… Голик бегал и орал вместе со всеми, изо всех сил изображая активнейшую деятельность, но при всем при этом держался подальше от места, где ему могла грозить реальная опасность.
Но это была не война с четко обозначенной линией фронта — и, пытаясь избежать опасности, он вдруг оказался к ней вплотную.
Это было, когда они, как им показалось, успешно провели монстра сквозь шестой тоннель. Голик в компании еще нескольких человек как раз шел в сторону следующего — пятого — коридора, как вдруг из одной двери в стене тоннеля со свистящим шипением, какое издает струя воздуха, бьющая в космическое пространство сквозь пробитую обшивку звездолета, на них надвинулась голова монстра с открытой для атаки пастью…
Эта дверь в спешке осталась незамеченной — потому и незапертой.
Отчего же Чужой не бросился на них сразу? Трудно сказать… Возможно, он проявил нерешительность при виде компактной группы людей?
Или же в смутное, неразвитое сознание монстра каким-то образом проникла мысль, что он уже не преследователь, а преследуемый — даже если внешне все выглядит наоборот? Так или иначе, он дал людям несколько мгновений. И за эти короткие секунды Голик вдруг не разумом, а телом, понял, что единственное спасение сейчас — не бежать, а идти на сближение с опасностью.
И тело его вытянулось в прыжке, который сделал бы честь любому спортсмену.
На лету вцепившись в ручку двери, Голик повис на ней всем телом — и створка, ударив опешившего Чужого по носу, встала на фиксаторы раньше, чем тот успел перейти в атаку.
— Все! Дверь закрыта… — сказав это, Голик вдруг ощутил, с какой яростью колотится о металл и бронестекло могучее существо, оставшееся в тоннеле, и похолодел при мысли, что могло его ждать при секундном промедлении.
— … Во всяком случае, надеюсь на это, — закончил он вдруг севшим голосом.

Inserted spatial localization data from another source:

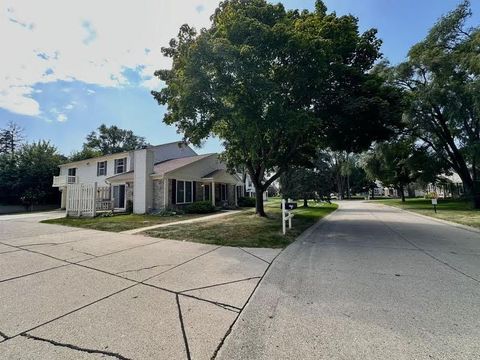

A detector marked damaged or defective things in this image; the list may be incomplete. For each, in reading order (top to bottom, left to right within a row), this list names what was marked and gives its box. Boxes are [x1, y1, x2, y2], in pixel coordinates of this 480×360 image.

crack in concrete [239, 248, 272, 264]
crack in concrete [178, 278, 260, 294]
crack in concrete [175, 294, 192, 360]
crack in concrete [21, 334, 131, 358]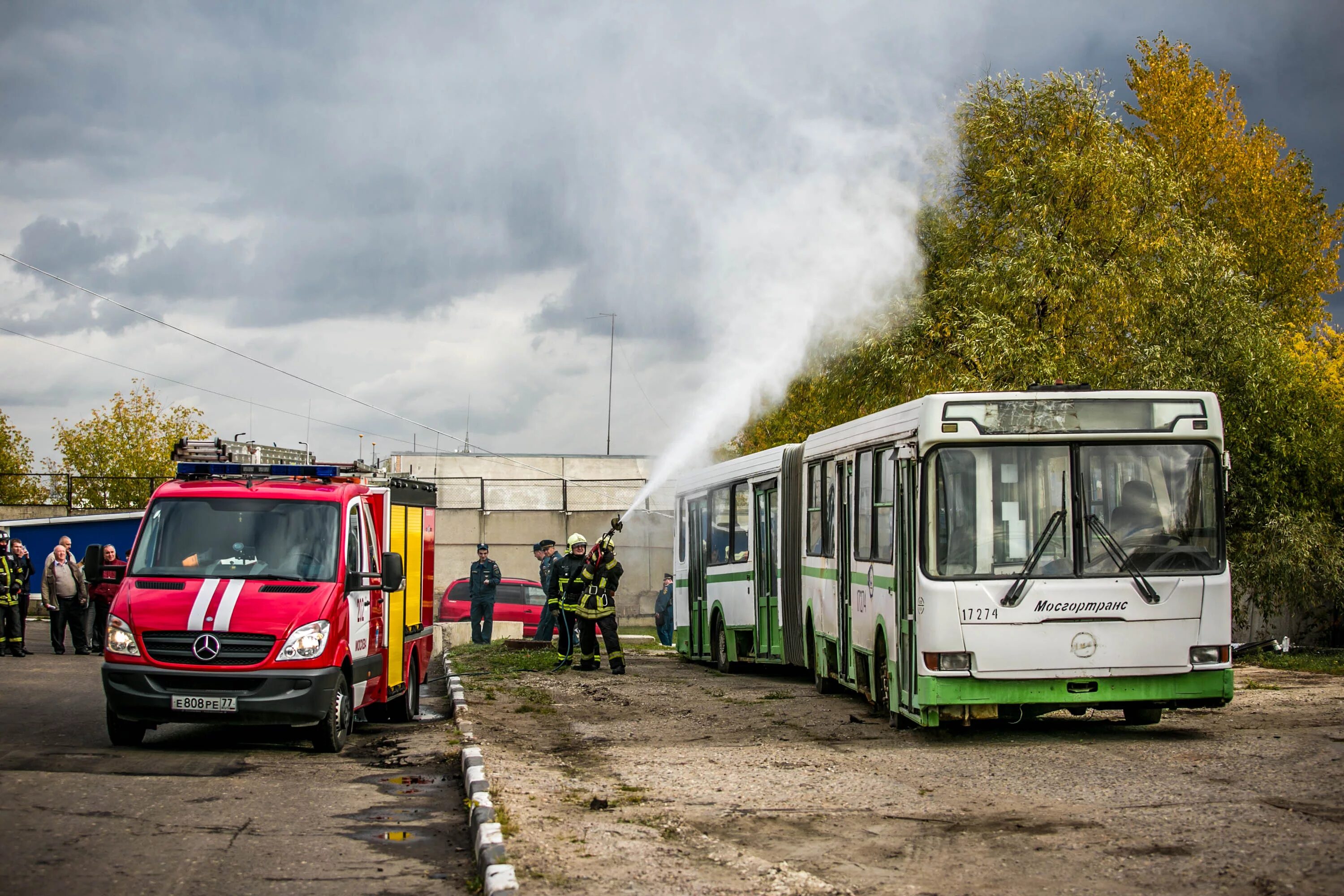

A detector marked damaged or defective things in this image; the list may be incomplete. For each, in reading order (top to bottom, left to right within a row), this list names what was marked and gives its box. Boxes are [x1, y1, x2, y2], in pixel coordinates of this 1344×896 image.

cracked asphalt [0, 642, 473, 896]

Остальные смотрели на него округлившимися глазами.
— Да ты герой, оказывается, брат… — протянул один из его товарищей. Голик скромно потупился. Он отнюдь не собирался сообщать кому бы то ни было, что на сей раз на него сработала не храбрость, а все тот же инстинкт самосохранения.
И сработал именно потому, что он был развит у него сильнее всех прочих чувств, вместе взятых.

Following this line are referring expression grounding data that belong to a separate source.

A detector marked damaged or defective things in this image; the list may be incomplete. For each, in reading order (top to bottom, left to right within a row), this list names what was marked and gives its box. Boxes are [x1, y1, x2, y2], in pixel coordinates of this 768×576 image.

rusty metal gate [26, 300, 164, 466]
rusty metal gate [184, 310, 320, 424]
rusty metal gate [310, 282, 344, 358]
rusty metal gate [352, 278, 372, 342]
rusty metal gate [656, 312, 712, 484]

— Некогда восхищаться друг другом, братья! — вступил в разговор Дилон, бог весть как оказавшийся рядом. — Пошли! Пока он жив, наше дело еще не завершено!
Выкрикнув это, он первым устремился к очередному тоннелю.
На сей раз Голику не удалось под шумок улизнуть в сторону: Дилон все время, не скрываясь, посматривал на него. Впрочем Голик, будучи и сам загипнотизирован представлением о собственном героизме, некоторое время и вел себя соответственно.
Более того — сперва он даже попытался «работать под полководца». Это проявилось в тот момент, когда во время очередной бешеной гонки (кажется, это было уже в третьем тоннеле) он столкнулся с Уинтерборном.
— Что ты делаешь? — злобно выкрикнул Голик.
— А что?
— Ножницы ты как держишь? — Голик указал на зажатые в руке Дугласа большие портняжные ножницы, взятые им в мастерской.
Сведенные вместе концы ножниц, словно клинок, упирались Голику в живот.
— А что? — отупело повторил юноша. Он был слишком напуган, чтобы соображать.
Вырвав у него из рук импровизированное оружие, Голик перевернул его и снова вложил в оцепеневшую руку Дугласа. Теперь наружу торчали не острия, а закругленные кольца рукояток.
— Вот так и держи, урод! Иначе… — Голик замолк, прислушиваясь к тому, что происходило в оцепленном тоннеле.
— Иначе? — безучастно переспросил Дуглас Уинтерборн. Он был явно не в себе.
Голик дико уставился на него:
— Иначе убьешь кого-нибудь, ты, чудо в перьях! — точным движением он сдвинул Дугласу на глаза козырек его знаменитой кепочки. — А так если и пропорешь кому-нибудь брюхо, так только себе. Невелика потеря!
Потом снова был какой-то провал в памяти, заполненный криками, звоном железа, сумасшедшим бегом… Когда Голик опомнился, он уже стоял возле той самой двери, сквозь которую должен выскочить из тоннеля загонщик.
Это был уже тоннель №2. Второй — и предпоследний перед ловушкой…
Итак, не миновала его все-таки чаша сия…
Голик ощупал дверь. Все повторилось как вначале, как повторяется дурной сон. Дверь двигалась, но двигалась с трудом, со скрипом, и рыжие хлопья ржавчины осыпались из пазов, будто снег.
И снова — проклятый вопрос. Удастся ли спустить ее быстро, одним движением?!